He cannot head-butt his star player. He cannot head-butt his star player. He cannot head-butt his star player-
“Cake isn’t part of your meal plan Tartt.”
Jamie looks up from where he’s spinning the boxes so the labels all face the front, rearranges his features until the unimpressed look becomes an exaggerated pout.
“Aww, c’mon Coach, you don’t gotta be like that.” The fuck he doesn’t, the little shit’s invading his house and he thinks- “I weren’t gonna eat it anyway, it’s for you.” He picks up one of the bottles and presents it to Roy. “Lactose-free milk, see?”
Fuck.
Fuck.
Sometimes Jamie does things.
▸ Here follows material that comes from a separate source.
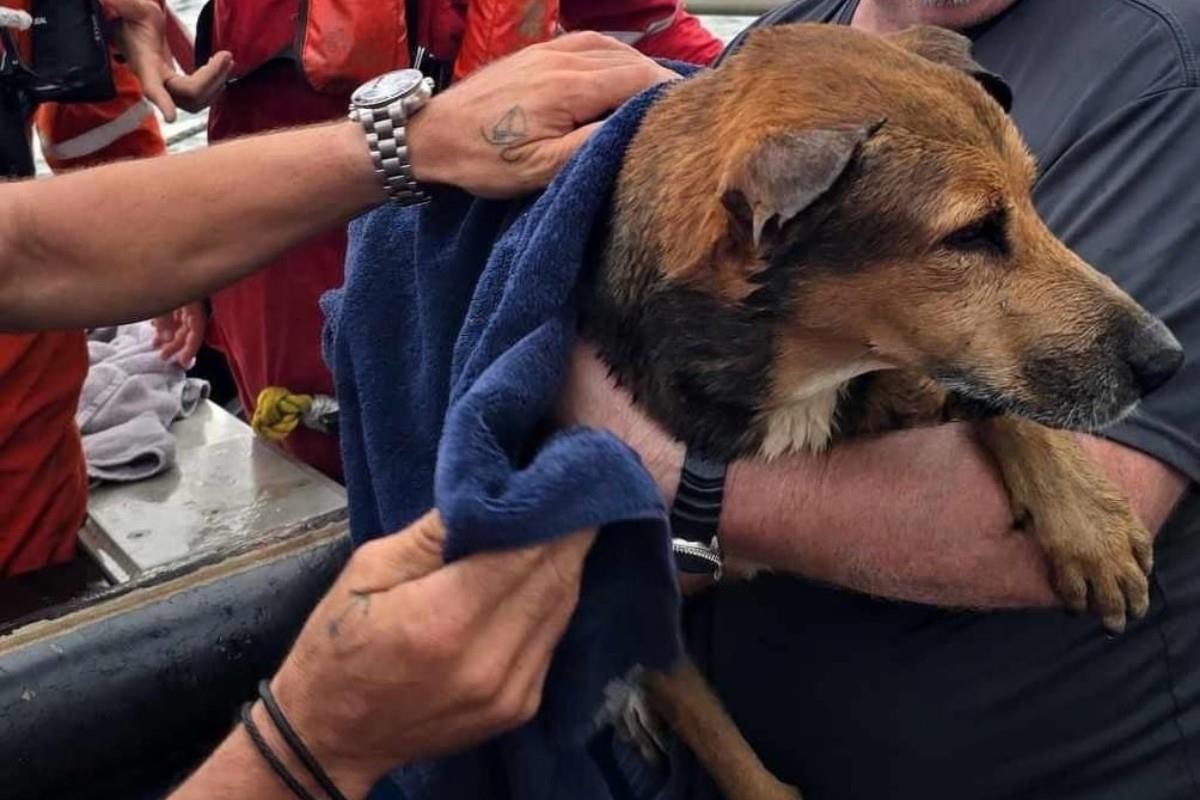 El perro fue rescatado y cobijado inmediatamente Foto: Offshore Life México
Achingly sincere, gentle things. Things that are just plain unfair because Roy can’t stay mad at him when he does. The irritation of ‘Haven’t had that from older men in me life’ offset by the honesty in Jamie’s stupid portal-to-the-soul eyes at ‘real talk man, thank you’. Irrepressible burning desire to strangle the prick abruptly doused to nothing in the face of ‘I respect ya and I respect Keeley’. Now the little fucker has gone out and bought lactose-free milk to bake Roy a stupid fucking cake for his stupid fucking birthday because the Muppet remembered he’s not so good with dairy and knew when his stupid fucking birthday was without being told and all the work Roy’s done to stay mad at him for this stupid little stunt goes right out the fucking window.
Life was simpler before he cared about Jamie Fucking Tartt.
“Put that lactose-free shit away, it’s a cake not a sundae bowl. Regular milk is fine.”
Simpler. But not as good.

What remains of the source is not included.